In assenza di precise disposizioni comunali, in caso di nuova costruzione nei centri storici, non è prevista la distanza dei 10 metri tra fabbricati
Con la nuova sentenza n. 5830-2021 il Consiglio di Stato si esprime sulle distanze tra fabbricati nel caso di demolizione e ricostruzione con aumento di volume in un centro storico.
Il caso
Alcuni privati chiedevano al Tar l’annullamento di un permesso di costruire rilasciato ad una società che, dopo aver acquistato un immobile, intendeva demolirlo e ricostruirlo ai sensi del Piano Casa regionale (era quindi previsto anche un aumento di volumetria).
Nel caso specifico, l’edificio da demolire sorgeva in un centro storico e, secondo i ricorrenti, la ricostruzione non avrebbe rispettato i 10 m di distanza tra fabbricati, così come previsto dall’art. 9 (Limiti di distanza tra i fabbricati) del dm n. 1444/1968.
Il ricorso al Tar veniva accolto, in quanto per i giudici:
l’intervento di demolizione e ricostruzione non fedele di un fabbricato preesistente, ubicato in zona A, deve reputarsi equiparato […] alla “nuova costruzione” così da essere tenuto al rispetto dei 10 metri dalle pareti finestrate […]
Il Comune appellandosi al Cds, invece, sosteneva che il Tar:
aveva interpretato erroneamente l’art. 9 del dm 1444/68 poiché non riguardava le zone A (centro storico);
non aveva considerato che sia la normativa regionale sia la disciplina urbanistica locale prevedevano la possibilità di derogare alla distanza minima di 10 metri con riguardo ai centri storici, anche con riferimento alle nuove costruzioni.
Art. 9 dm 1444/1968 – Limiti di distanza tra i fabbricati
Ricordiamo al riguardo che le distanze minime, previste dal dm 1444/1968, tra fabbricati per le diverse zone territoriali omogenee sono stabilite come segue:
Zone A): per le operazioni di risanamento conservativo e per le eventuali ristrutturazioni, le distanze tra gli edifici non possono essere inferiori a quelle intercorrenti tra i volumi edificati preesistenti, computati senza tener conto di costruzioni aggiuntive di epoca recente e prive di valore storico, artistico o ambientale.
Nei nuovi edifici ricadenti in altre zone invece è prescritta in tutti i casi la distanza minima assoluta di m. 10 tra pareti finestrate e pareti di edifici antistanti.

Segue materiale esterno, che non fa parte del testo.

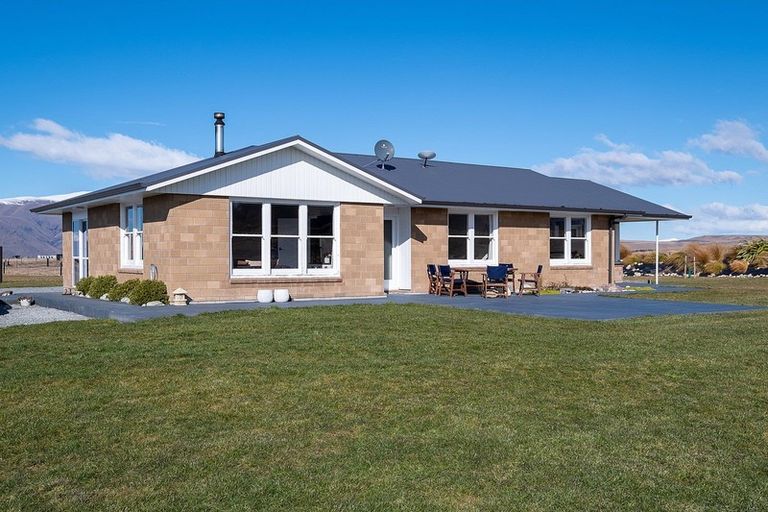 Photo of property in 91 Pyramid Terrace, Twizel, 7999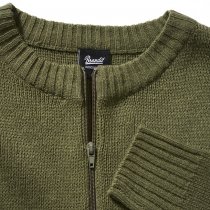 Brandit Army Pullover - Olive - 2XL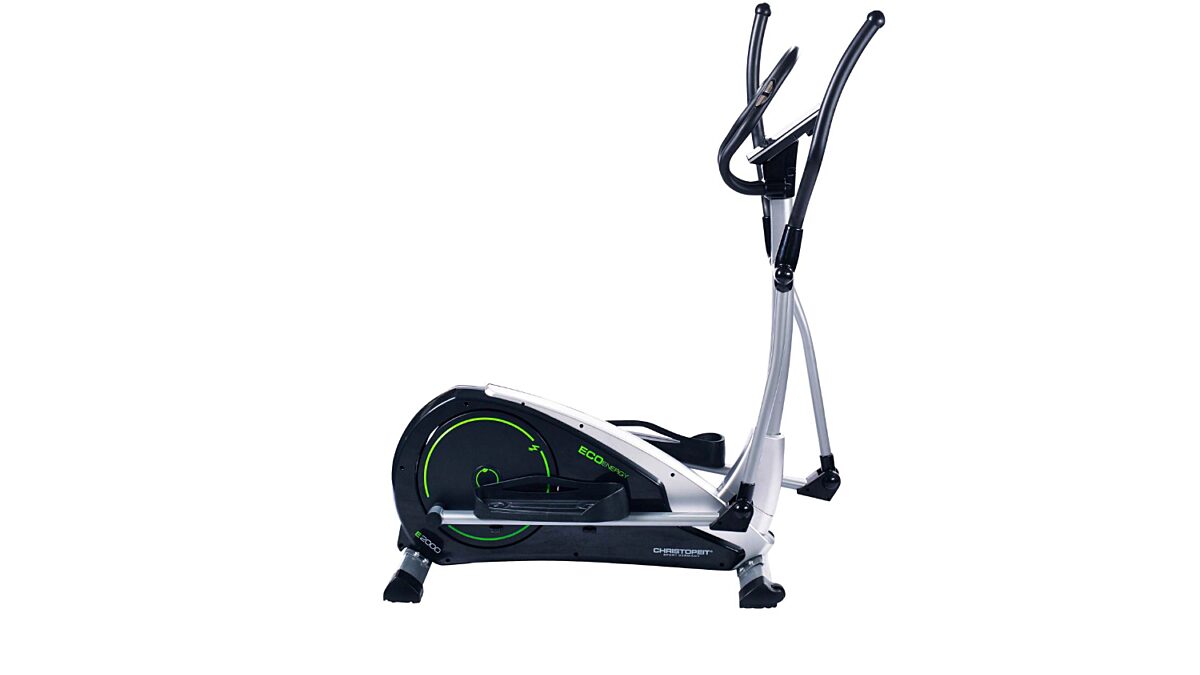 Christopeit ECO 2000 Test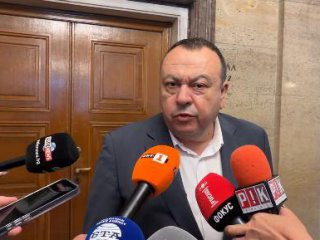 ГДБОП е предоставила фалшива “справка” на Демерджиев: Хамид Хамид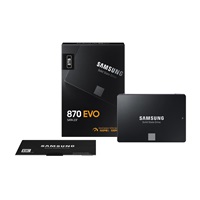 SSD 2,5" Samsung 870 EVO SATA III-8000GB – náhled 3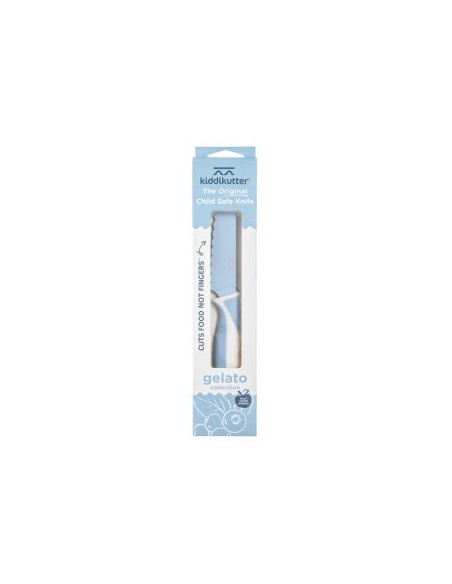 Cuchillo autonomía Blue lagoon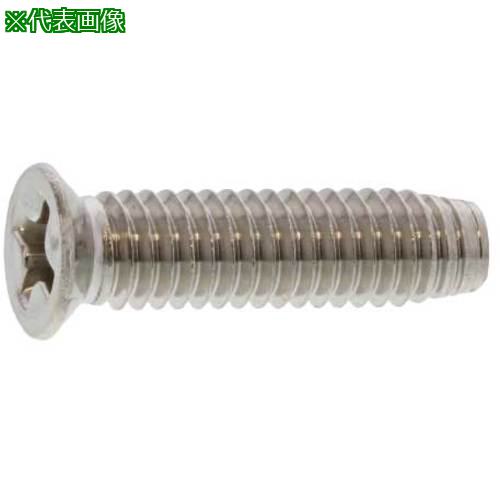 ■SUNCO BK ステン(+)C0サラ D\u003d6 小頭 4×12 (2000本入)〔品番:220201060040012008〕【2631220:0】[送料別途見積り][掲外取寄][店頭受取不可]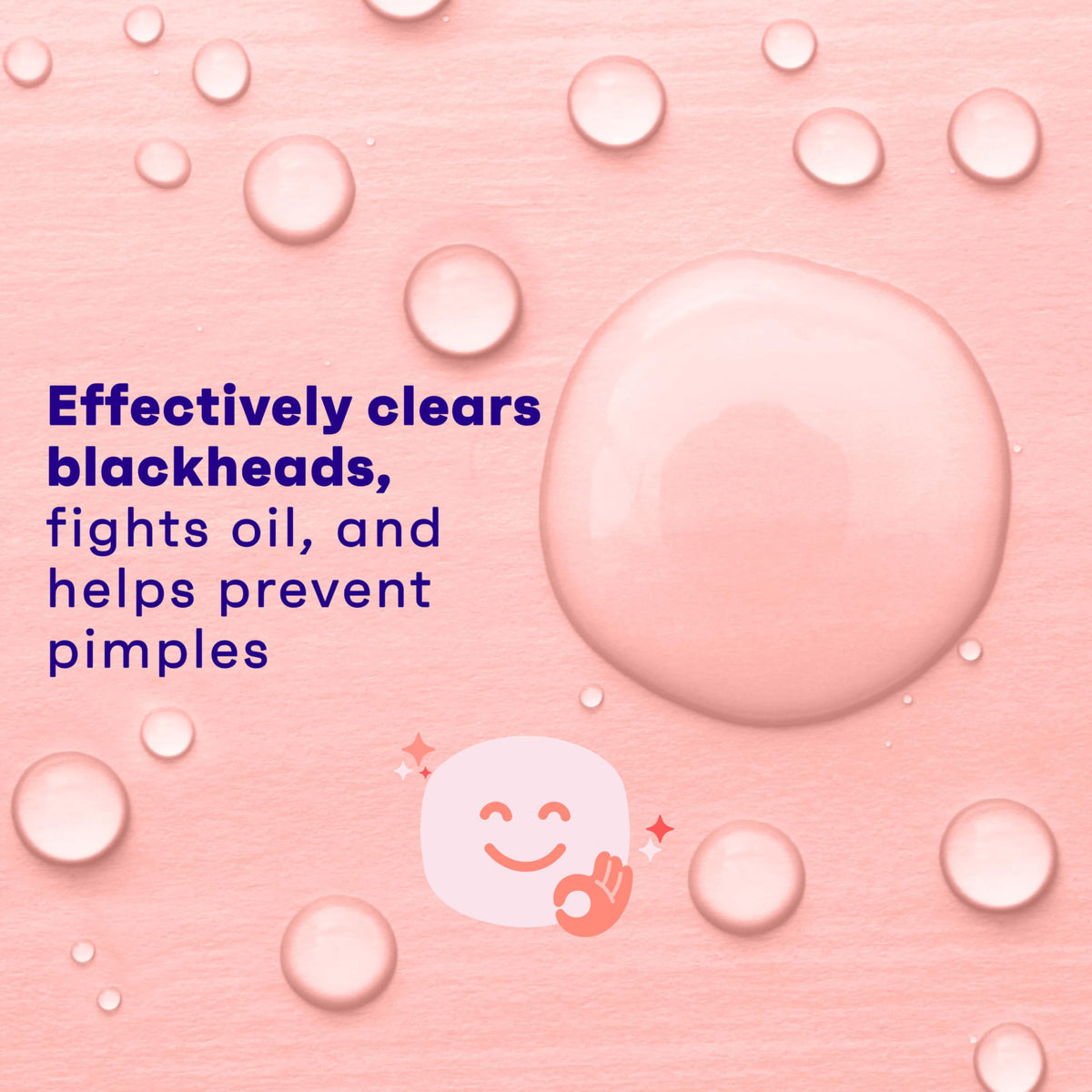Clean & Clear Deep Cleaning Oil-Fighting Face Astringent - 8 oz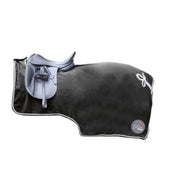 HKM Coperta da esercizio Nero HKM Coperta da esercizio Nero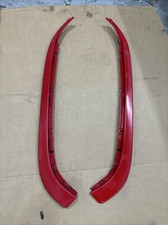 Bmw E30 Rear C Pillar Panel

Zone C): è altresì prescritta, tra pareti finestrate di edifici antistanti, la distanza minima pari all’altezza del fabbricato più alto; la norma si applica anche quando una sola parete sia finestrata, qualora gli edifici si fronteggino per uno sviluppo superiore a m 12.
La sentenza del Consiglio di Stato
I giudici del CdS sono d’accordo con il Comune e spiegano che:
la previsione del dm n. 1444/1968, secondo cui la distanza tra pareti finestrate di edifici frontisti non deve essere inferiore a 10 metri, vale per i “Nuovi fabbricati” in “altre zone” (cioè diverse dalla zona A – centro storico);
nel centro storico, nel quale si trova il fabbricato oggetto della domanda, invece, vige il generale divieto di costruzioni “ex novo” e la norma si limita a prescrivere che la distanza non sia inferiore a quella intercorrente tra volumi edificati preesistenti.

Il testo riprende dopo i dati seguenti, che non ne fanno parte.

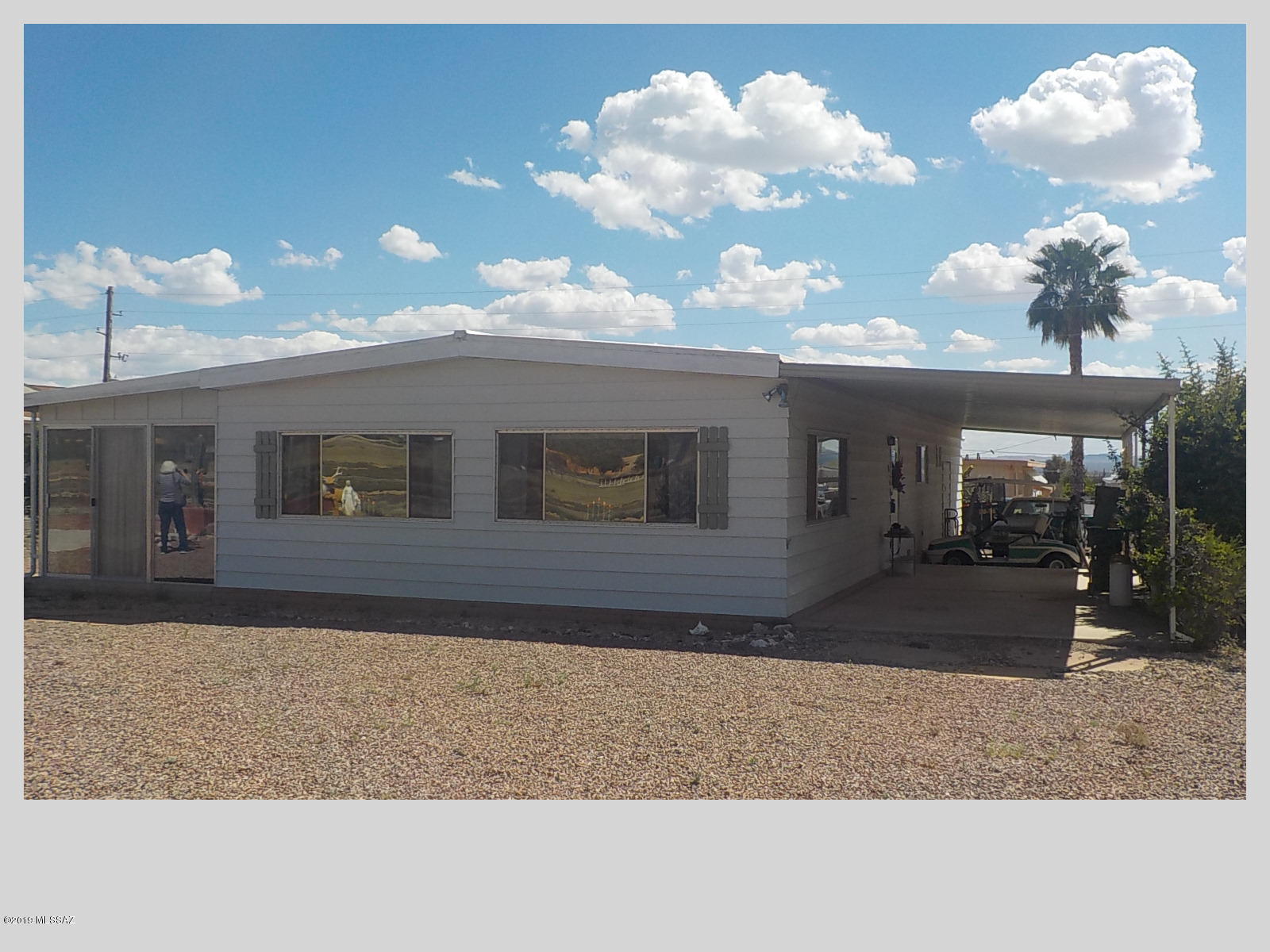 Tucson Estates (1-634) - Residential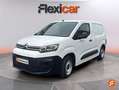 Citroen Berlingo Combi BlueHDi S&S Talla XL Feel 100 Blanco - thumbnail 3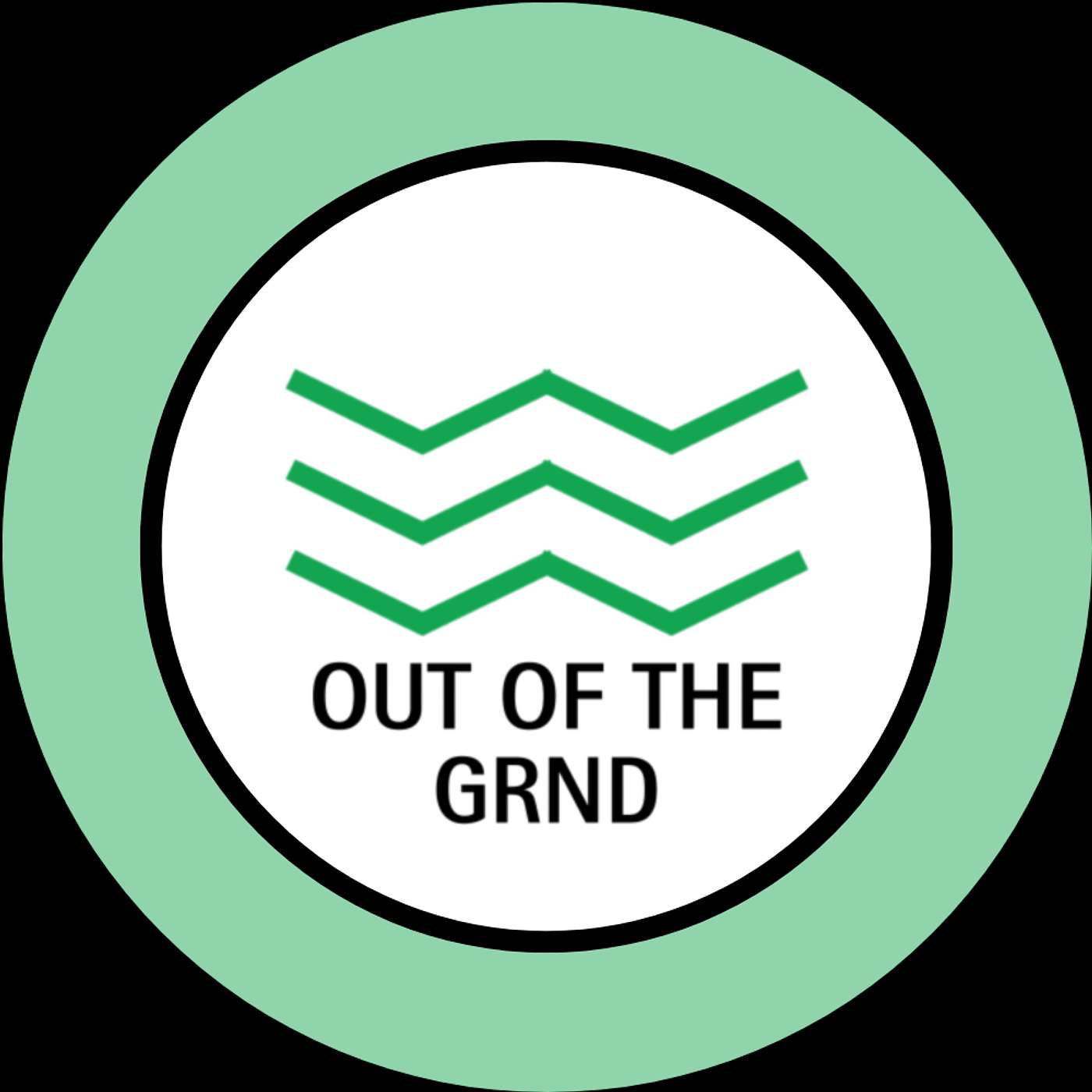 Out of the GRND's Podcast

Infatti, a parere dei togati:
il d.m., dopo aver disciplinato le “Zone A”, introduce la “distanza minima assoluta di m. 10” con esclusivo riferimento alle “altre zone”, di guisa che non è suscettibile di estensione analogica una norma che introduce una limitazione o un divieto quale quella in commento.
In parole povere, il dm dopo aver disciplinato le zone A (Centro storico), introduce la distanza minima dei 10 m che riguarda esclusivamente le altre zone, limitazione che non va estesa ai centri storici dove deve essere rispettata la distanza preesistente.
In conclusione, i giudici di Palazzo Spada aggiungono che, nel caso in esame, la legge regionale sul Piano Casa non contempla l’esclusione dell’edificabilità di nuove costruzioni nelle zone A né risulta in tale zona la previsione della distanza minima di 10 m.
Il ricorso del Comune è, quindi, accolto.